The risks of changes are clear, but why are deletions dangerous? It might seem that DELETE requests are harmless if accidentally sent twice, but there are dangers to consider.

For example, consider task queues. Everything is fine if we need to delete a task using a specific, unique number. However, if the client sends a request to delete the first element of the queue and something goes wrong, causing the request to be sent again, there's a chance we will delete two tasks instead of one. If the task is financially sensitive, this is unacceptable. This is why DELETE requests are also potentially dangerous if executed twice.

On Data-Changing Requests

There are many nuances, even if the client provides an ID.

Let's revisit the task queue example and consider editing a task. How can double editing cause issues? It seems that the task ID should protect us—editing the same task twice should yield the same result.

Unfortunately, it's not that simple. The server may not only change the data but also perform additional actions. While double logging might not be a concern, actions that alter behaviour are problematic. What if one of the fields is the task status and we have business logic prepared for status changes? The code will run twice.

We could prevent code execution if the status doesn't change, and that would work fine until we encounter a race condition. The real trouble begins when a third request from another client manages to slip in between our two requests and changes the data to a different value. If our business logic involves moving tasks within a queue, this can cause significant issues.

In short, we can devise workarounds for a while, but the only truly safe solution is to eliminate the possibility of erroneous double execution entirely. We need to ensure that the problem of double execution is resolved at its core.

Mistakes Variants

Two Out of Three

Let's talk about error scenarios from the client's perspective.

There are two main types of errors to consider:

Client-Side Error: The client sends a request, but it doesn't go through due to network drops, packet corruption, or excessive data traffic.
Server-Side Error: The request reaches the server, but an internal error or similar issue prevents it from being processed.

At first glance, these errors don't seem problematic. If the client couldn't send the request, they simply send it again. Network issues are common and usually resolved with a retry. If the request reaches the server but isn't processed, the client receives an error response and can resend the request once the server is operational. The general concept is straightforward: either the request didn't reach the server, or it wasn't processed, so no double requests should occur.

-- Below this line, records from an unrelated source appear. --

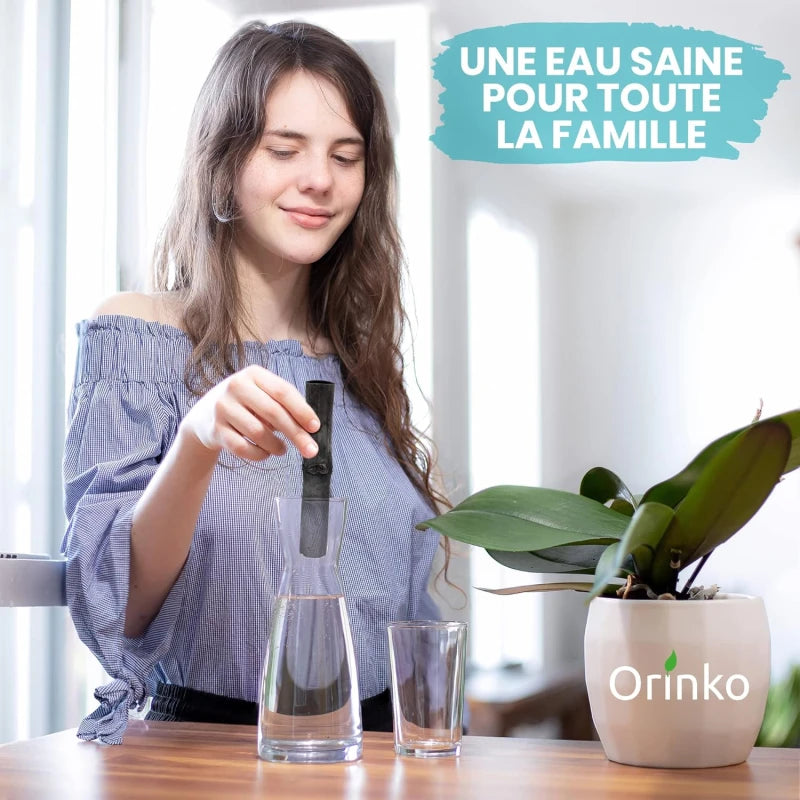 Charbon Takesumi de Bambou X3 - pour purifier l’Eau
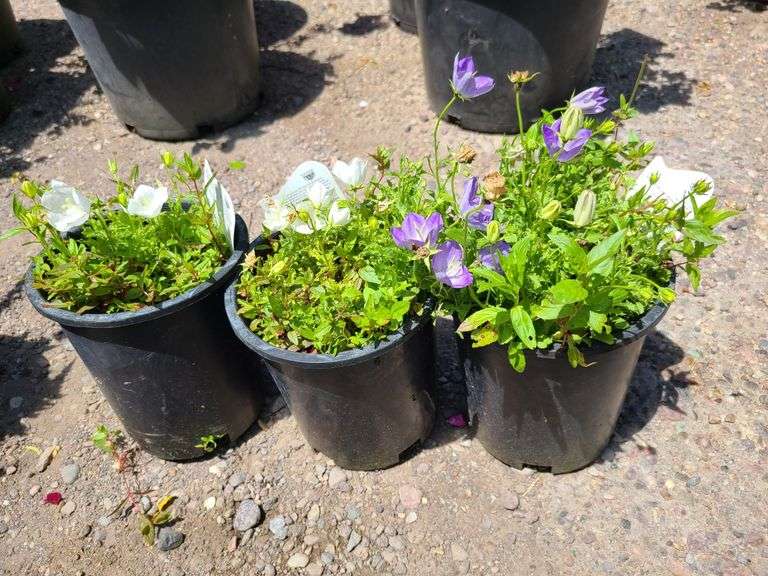 3) Bellflower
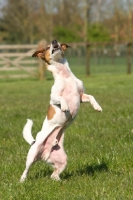 Picture of Terrier crossbreed on hind legs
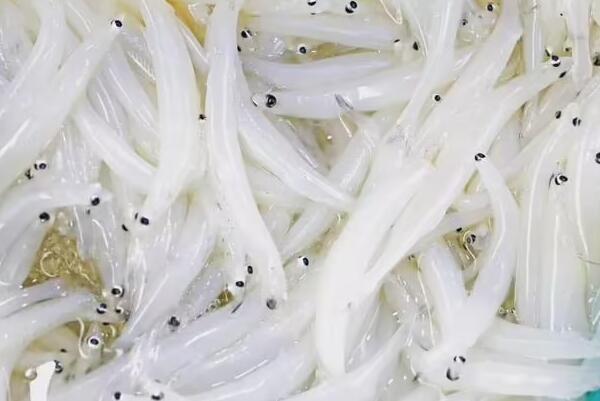太湖三白(图1) 鲜活的银鱼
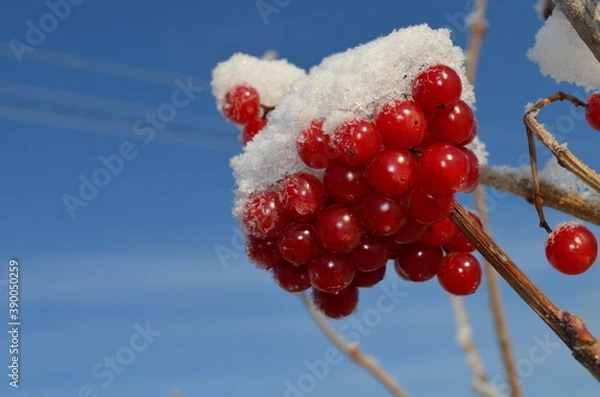 Obraz Зима, калина, макро, красная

However, the devil is in the details.

Details

The main pain point lies in a subtle, often unnoticed step that can drive those unfamiliar with such errors crazy. These errors are rare and seemingly obvious, but they usually hide among other issues.

Here's what can happen: the client sends a request that successfully reaches the server. The server processes the request and sends a response, but the response doesn't reach the client.

As a result, the client receives a network error, assumes the request wasn't processed, and sends it again. After all, it's just a network issue, what could go wrong? But here's the catch.

The request might be entirely valid, and according to business logic, we might be allowed to send requests twice with the same parameters. This was the case in the example of deleting the first task from a queue. The request parameters don't change, but we only wanted to delete one task.

How do we distinguish between a repeated request due to an error and a repeated request for a separate action?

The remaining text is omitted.